When Donald Trump announced his run for president last June, he also managed to promote his book, his real estate and his golf courses, which he said are "some of the best in the world."
If he becomes president, Trump would continue to have the ability to own and promote his multitude of businesses — even though some of those business interests are politically sensitive.
Ethics lawyers and presidential law experts say that despite a thicket of rules governing business interests in the executive branch, there is no rule that would prevent Trump from owning or promoting The Trump Organization if he's elected.
While Trump has said he might turn over day-to-day management to his children, he has not ruled out retaining his ownership stake or board seats in his multibillion-dollar global brand empire.
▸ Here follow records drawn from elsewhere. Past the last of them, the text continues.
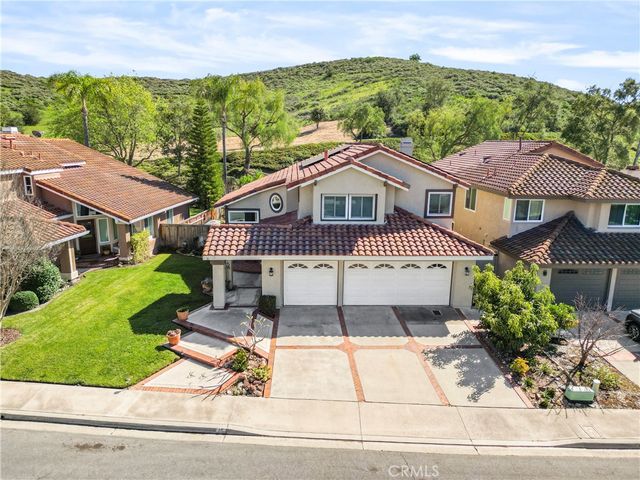 16 San Carlos, Rancho Santa Margarita, CA 92688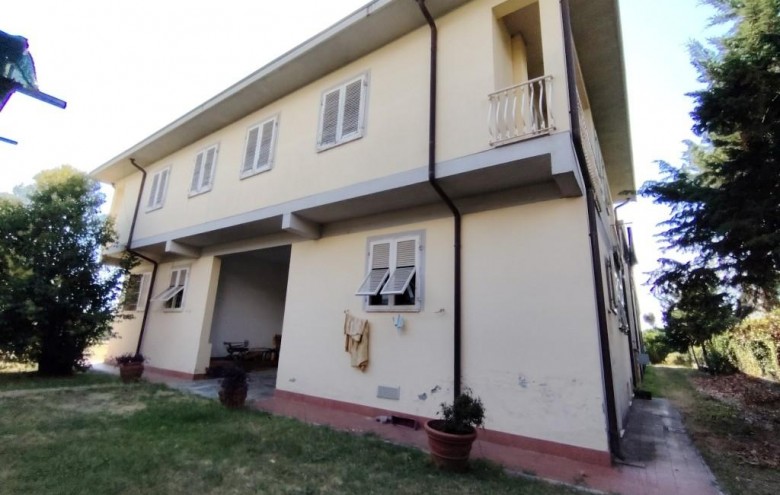 Capannone in vendita a Massa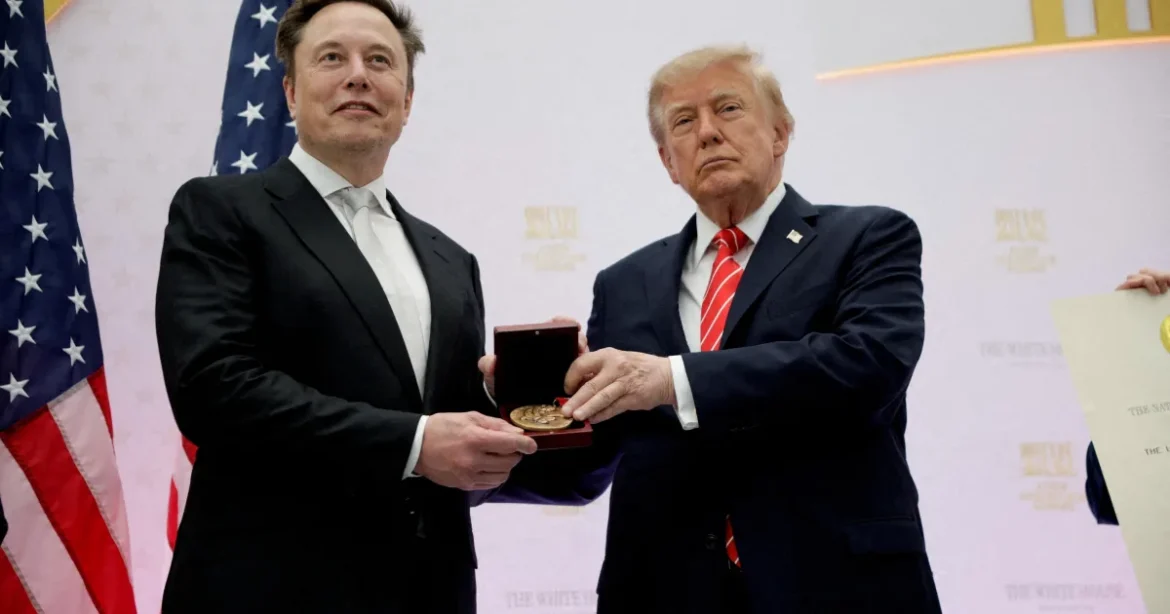Bagajul politic al lui Musk umbrește perspectivele unei înțelegeri SpaceX-Tesla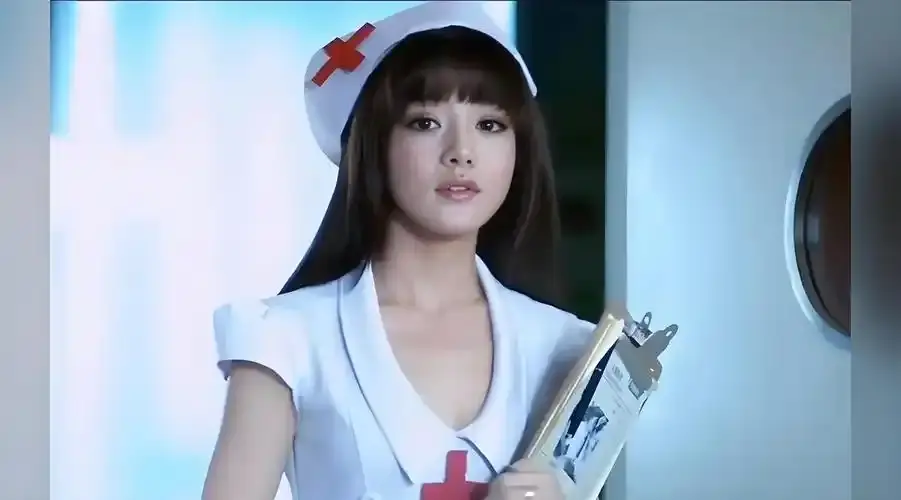 法国满天星《急救护士》HD高清无删减免费在线观看-《急救护士》法国经典医疗大片全季资源1080P纯净极速播放-感受急救现场的紧张刺激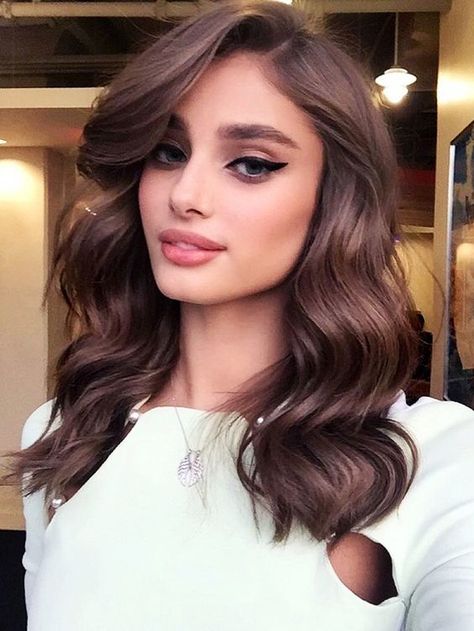 فيكتوريا سيكريت, Chocolate Brown Hair Color, Find Hairstyles, Taylor Hill, Medium Hair Cuts, Elegant Hairstyles, Brown Hair Colors, Hair Waves, Wavy Hair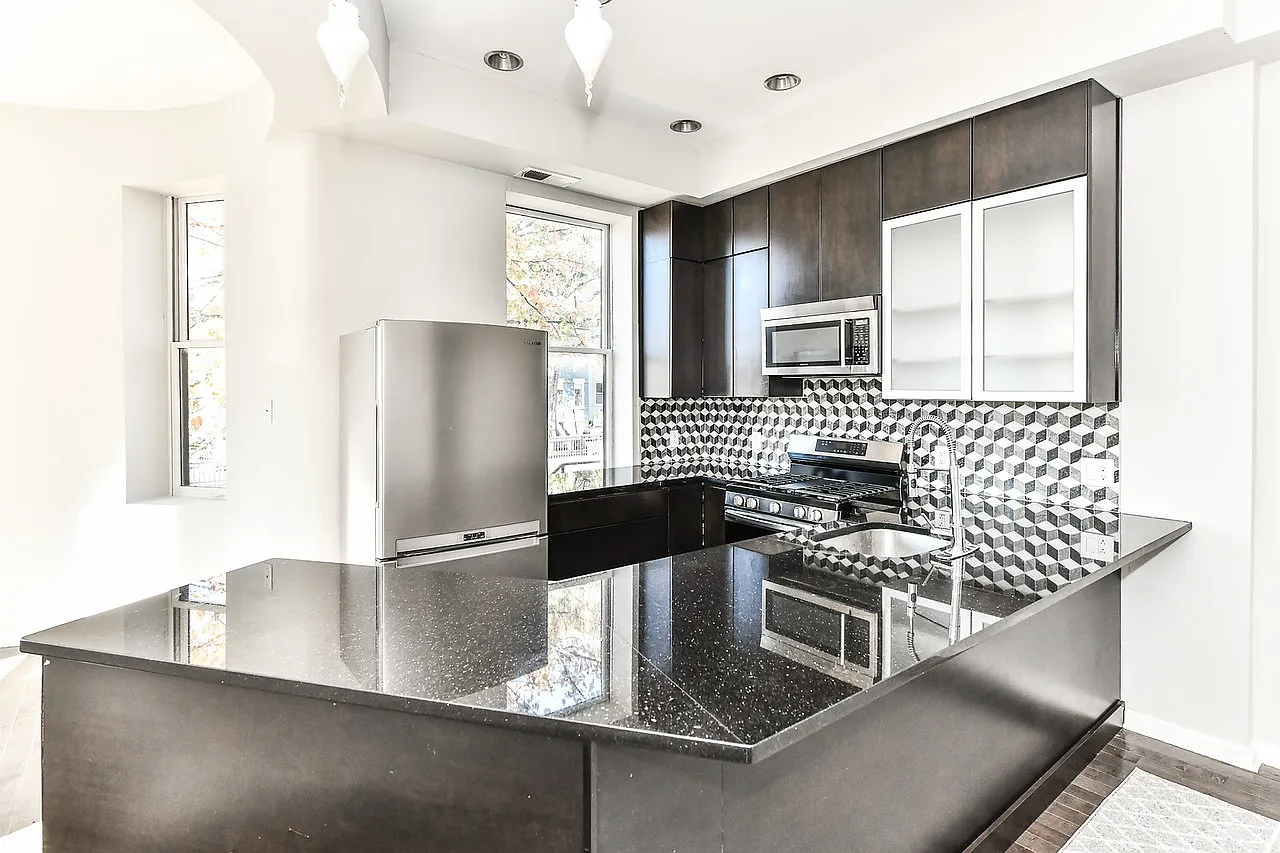2 S Street NE, #2 (DC) - 2 — Photo 4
"There's really nothing in the law to prevent him from keeping his business," said Kenneth Gross, a partner at Skadden, Arps, Slate, Meagher & Flom who has advised several wealthy presidential candidates, Cabinet members and presidential appointees on navigating the ethics rules. "He would have to walk a very fine line and he [would] constantly have to be concerned about these issues. But he could keep it."
A spokeswoman for Trump's campaign did not return CNBC's calls or emails for comment. But Trump's campaign manager, Corey Lewandowski, told The Associated Press in January that "Running the country is clearly what Mr. Trump wants to do."
"Should he have the privilege of being elected president, he will be spending 110 percent of his time on that," Lewandowski told the AP.